L’immagine l’ho trovata per caso. Questa fu la prima auto di mamma, forse il semi colore era un po’ più verdino, chissà. Era stata dismessa dal quotidiano sferragliare fra le mani del fattorino della ditta di famiglia e affidata a lei, neofita e svezzata dalle amorose cure della mitica Autoscuola Volta. Le venne dato il compito di “finirla” e lei ci si impegnava.
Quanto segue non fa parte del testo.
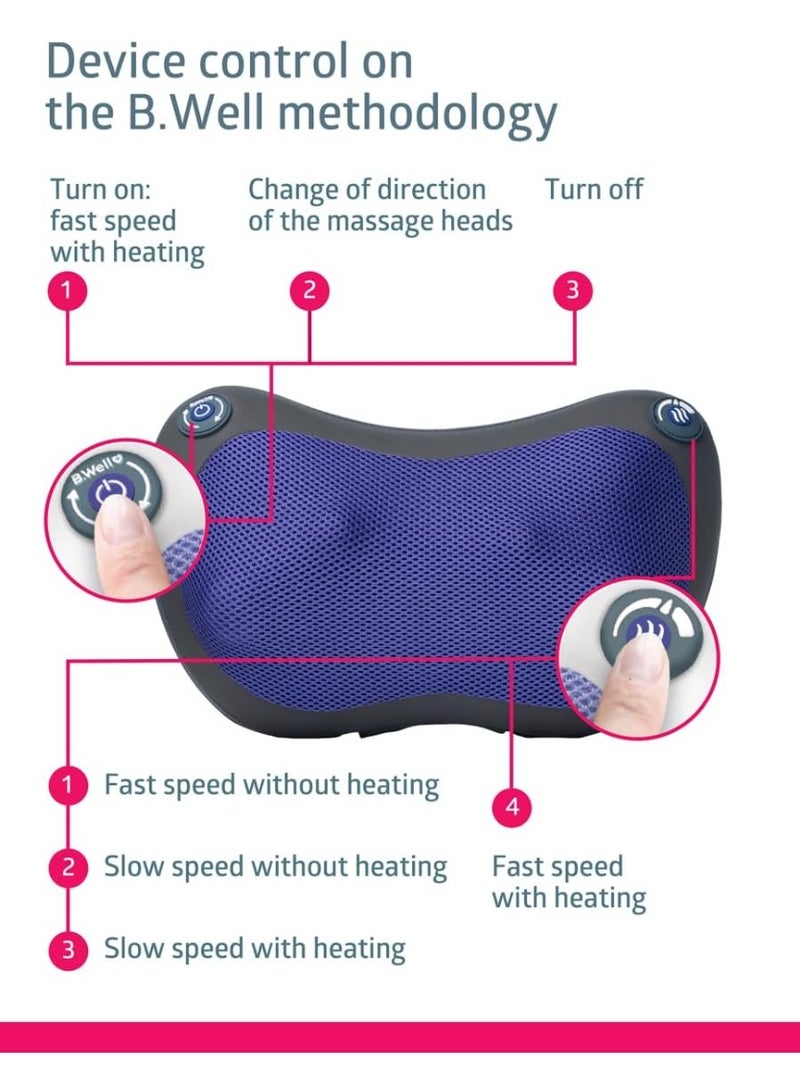 بي.ويل جهاز تدليك كهربائي MED-420 من B.Well مع تدفئة - Image 3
Mamma era bella e in auto saliva sempre elegante e con un buon profumo che, però, nel chiuso dell’abitacolo si apprezzava per poco tempo, perché veniva quasi subito sovrastato dall’odore tipico della frizione che brucia – tanto che io per un bel po’ pensai fosse quello l’odore tipico delle automobili.
Poi, via; procedevamo, esitanti e saltellanti, verso allegre commissioni, presto arrivavano la sigaretta accesa e il dorso della mano elegantemente appoggiato al cristallo abbassato. La posa aggraziata mistificava però una espressione assai corrucciata, mamma era infatti concentratissima, perché non ci vedeva un cavolo di niente.
Io e Annalisa, di due anni più piccola, abitavamo casualmente il veicolo, non c’erano cinture di sicurezza, per lo più sedevamo davanti – e ho sempre pensato che essere sopravvissuto alla guida di mia madre avesse reso le successive barricate dei miei 16 anni in Via Festa del Perdono quasi un svago da filatelici. Comunque, via; a percorrere il confine tra i 50 e i 60 all’ora senza gran fretta, magari osando una puntata di una decina di km in centro a Milano (se non sapessi che papà la amava molto parlerei di istigazione al suicidio).
Ricordo una volta da Gusella, in San Babila, per comprare quei sandaletti coi buchi che certificavano, insieme agli odiati pantaloni all’inglese, la nostra militanza nelle fila della borghesia.